Problem statement: This exercise calls for the data below to be retyped exactly, minus any images.

[[ Raw data open ]]

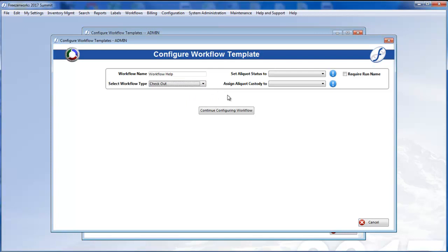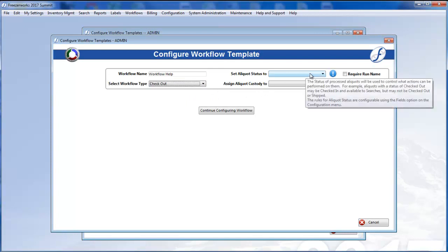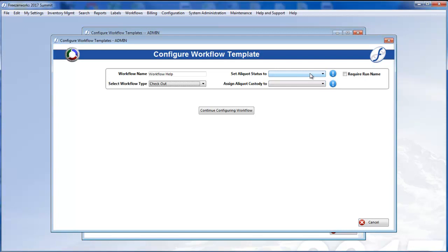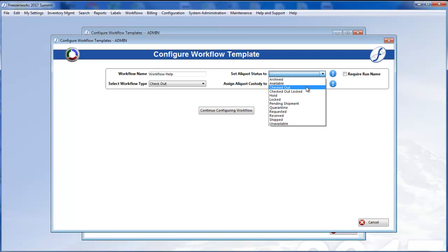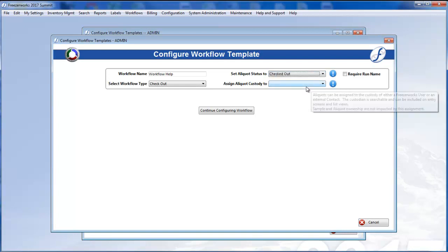The Set Aliquot Status drop-down determines the new aliquot status of each aliquot that you process this workflow on. For more info about aliquot status, see part one of this series. Now we'll just select Checked Out since this is a check-out workflow.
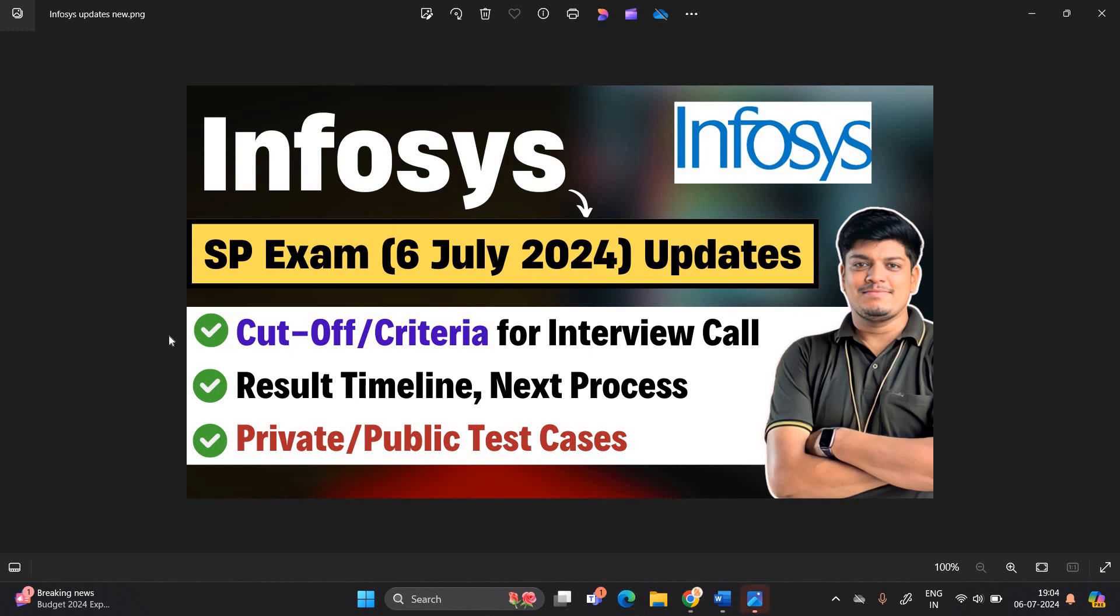Hello everyone, I am Lokesh and welcome back to our channel online learning. This video is related to Infosys SP exam 6th July 2024 all updates.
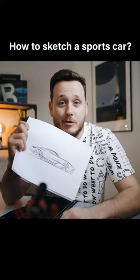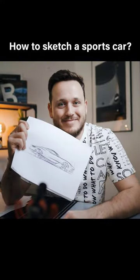How to sketch a sports car from side view. First, you need to draw the ground line and then add the wheels.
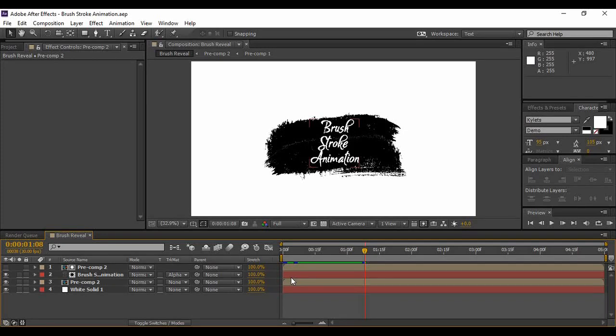Welcome back to the YouTube channel Programming Knowledge. In today's After Effects tutorial, we are going to see how we can create a cool looking brush stroke animation in Adobe After Effects.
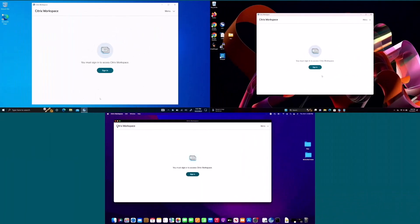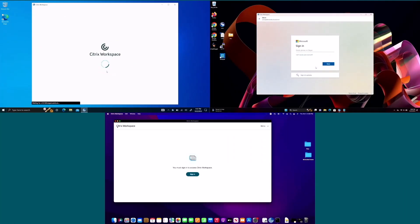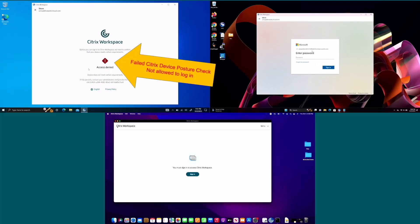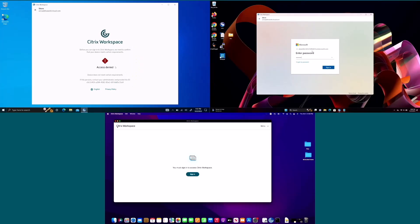Here we see three different devices accessing a Microsoft 365 and Citrix HDX Plus environment. The device at the upper left is completely untrusted — it fails the Citrix device posture check and the user is not allowed to log in.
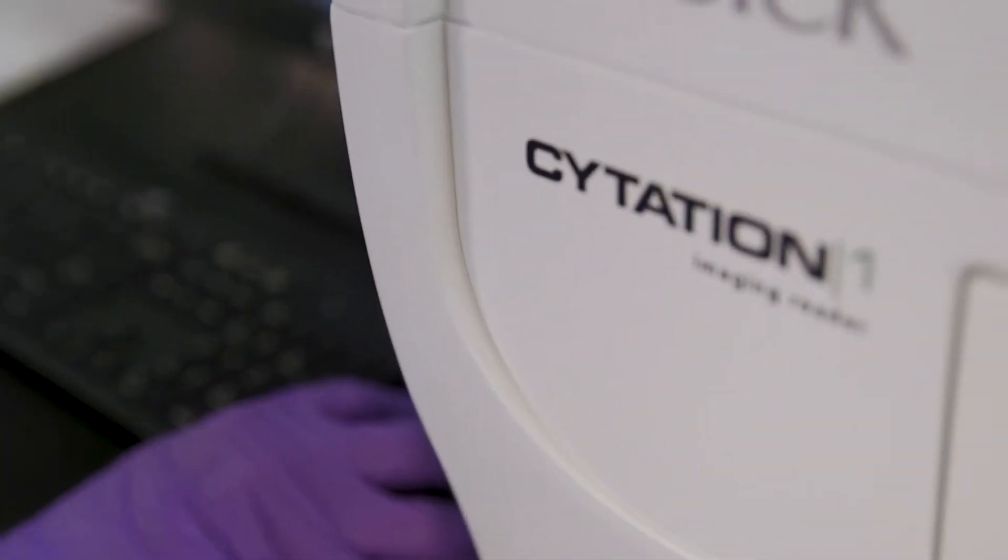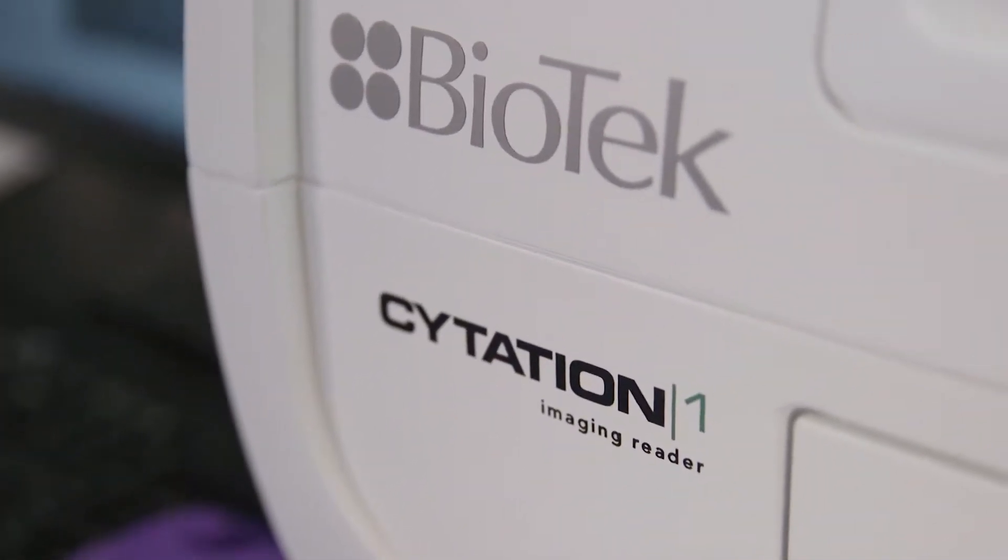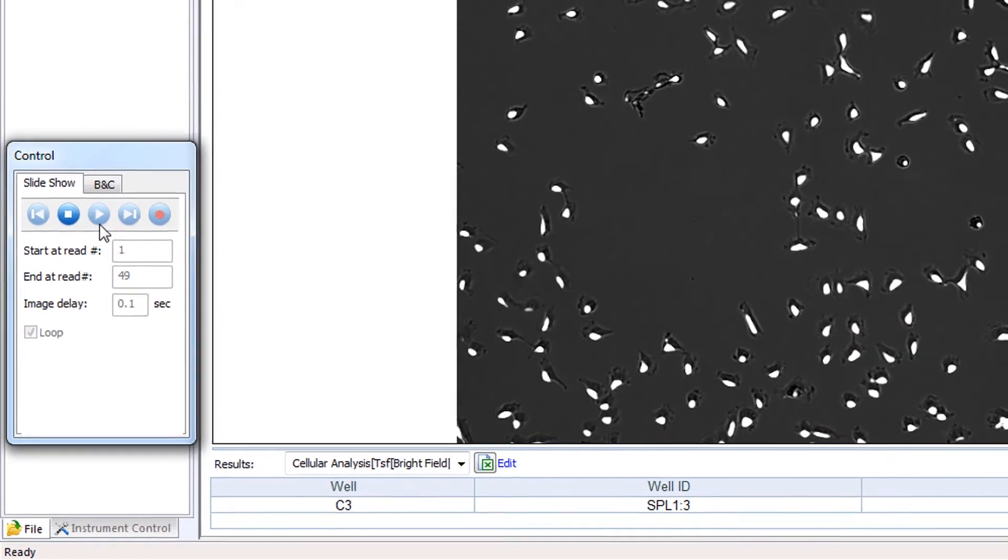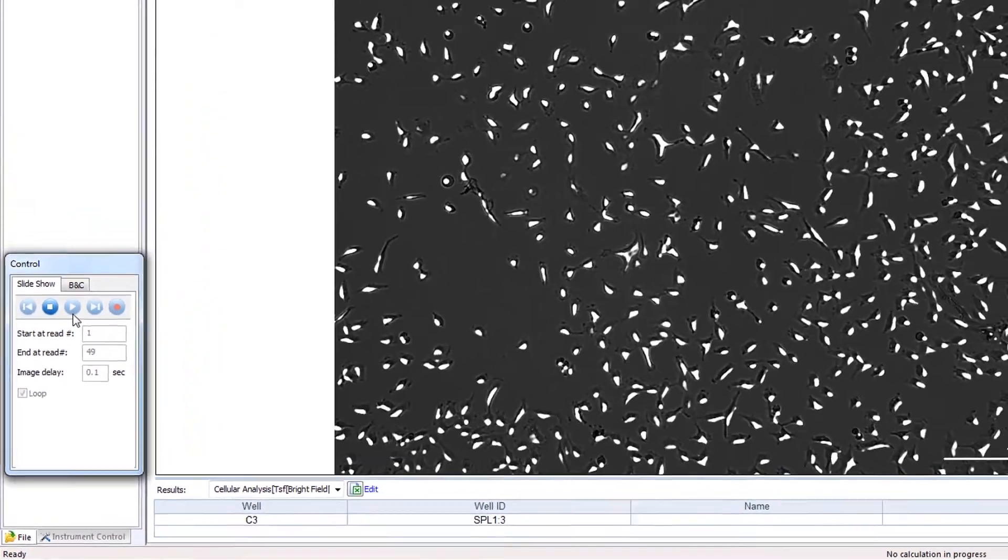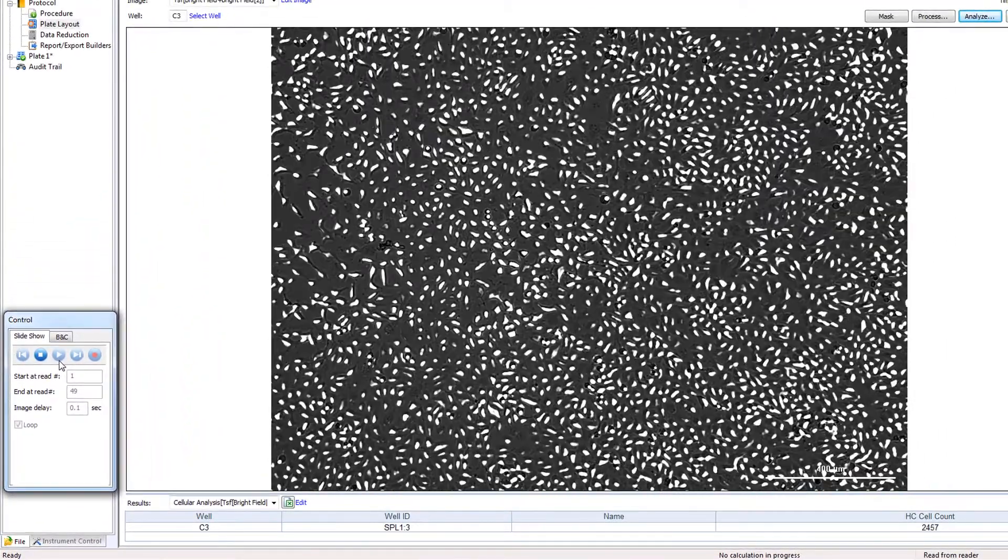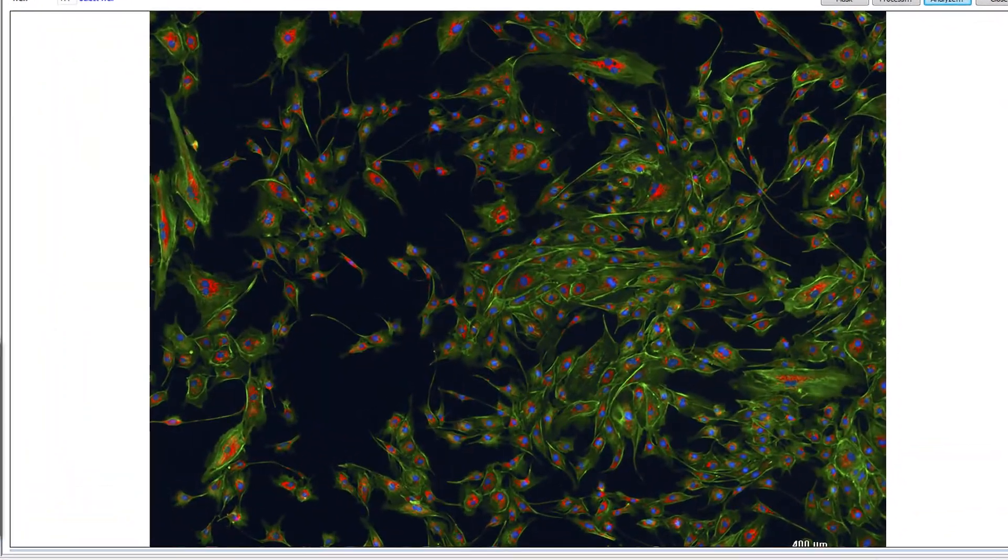Biotech's Citation One Cell Imaging Multimode Reader is an ideal platform for automated cell counting using microscopy methods such as label-free brightfield and fluorescence cell counting.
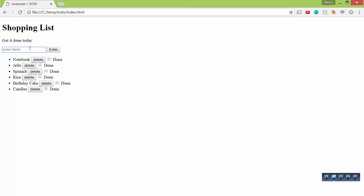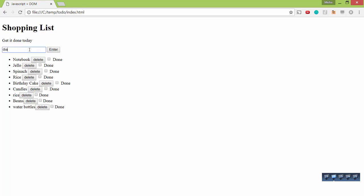So let's say we want to get rice. You can hit enter or you can click the enter button. Let's say we want beans and what else, some water bottles.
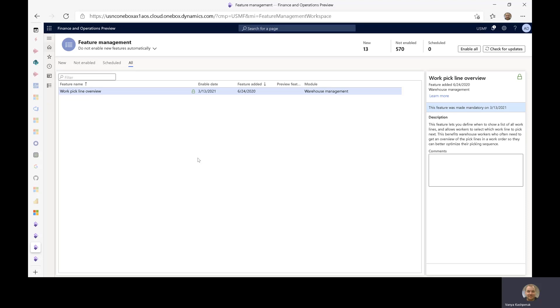Alternatively, he just wants to optimize it based on his current location and override the suggested system picking route. For less experienced workers or temp staff, we recommend that you stick to a system directed menu item where the system will direct the worker exactly on the order of picks.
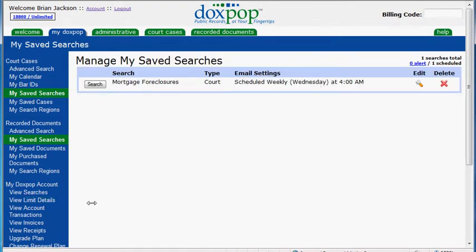That takes you to the manage my saved searches screen where you can run the search again and it will give you the details. You can also edit or delete your search if you need to come back to it at a later time. And that is basically how you set up scheduled searches on DocsPop.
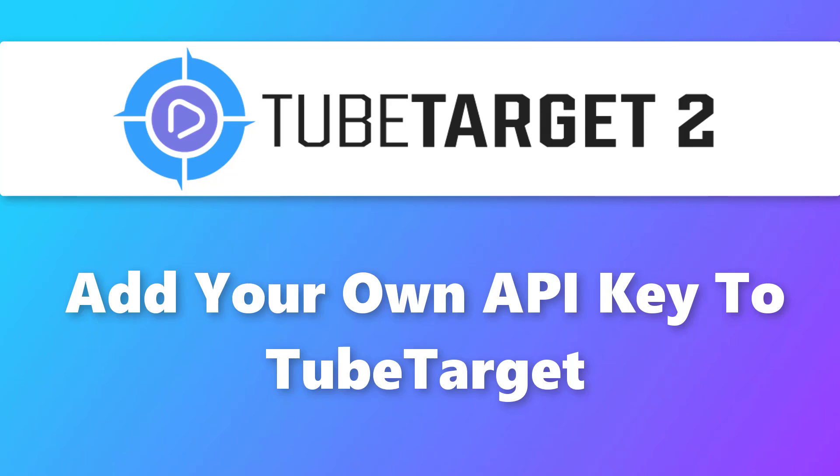Hello, everyone. Welcome back to TechnicForce Tutorials. In this video, I'll show you how to add your own API key to TubeTarget. Let's get started.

[[ Raw data closed ]]

Output below:
The Set Aliquot Status drop-down determines the new aliquot status of each aliquot that you process this workflow on. For more info about aliquot status, see part one of this series. Now we'll just select Checked Out since this is a check-out workflow.
Hello everyone, I am Lokesh and welcome back to our channel online learning. This video is related to Infosys SP exam 6th July 2024 all updates.
How to sketch a sports car from side view. First, you need to draw the ground line and then add the wheels.
Welcome back to the YouTube channel Programming Knowledge. In today's After Effects tutorial, we are going to see how we can create a cool looking brush stroke animation in Adobe After Effects.
Here we see three different devices accessing a Microsoft 365 and Citrix HDX Plus environment. The device at the upper left is completely untrusted — it fails the Citrix device posture check and the user is not allowed to log in.
Biotech's Citation One Cell Imaging Multimode Reader is an ideal platform for automated cell counting using microscopy methods such as label-free brightfield and fluorescence cell counting.
So let's say we want to get rice. You can hit enter or you can click the enter button. Let's say we want beans and what else, some water bottles.
Alternatively, he just wants to optimize it based on his current location and override the suggested system picking route. For less experienced workers or temp staff, we recommend that you stick to a system directed menu item where the system will direct the worker exactly on the order of picks.
That takes you to the manage my saved searches screen where you can run the search again and it will give you the details. You can also edit or delete your search if you need to come back to it at a later time. And that is basically how you set up scheduled searches on DocsPop.
Hello, everyone. Welcome back to TechnicForce Tutorials. In this video, I'll show you how to add your own API key to TubeTarget. Let's get started.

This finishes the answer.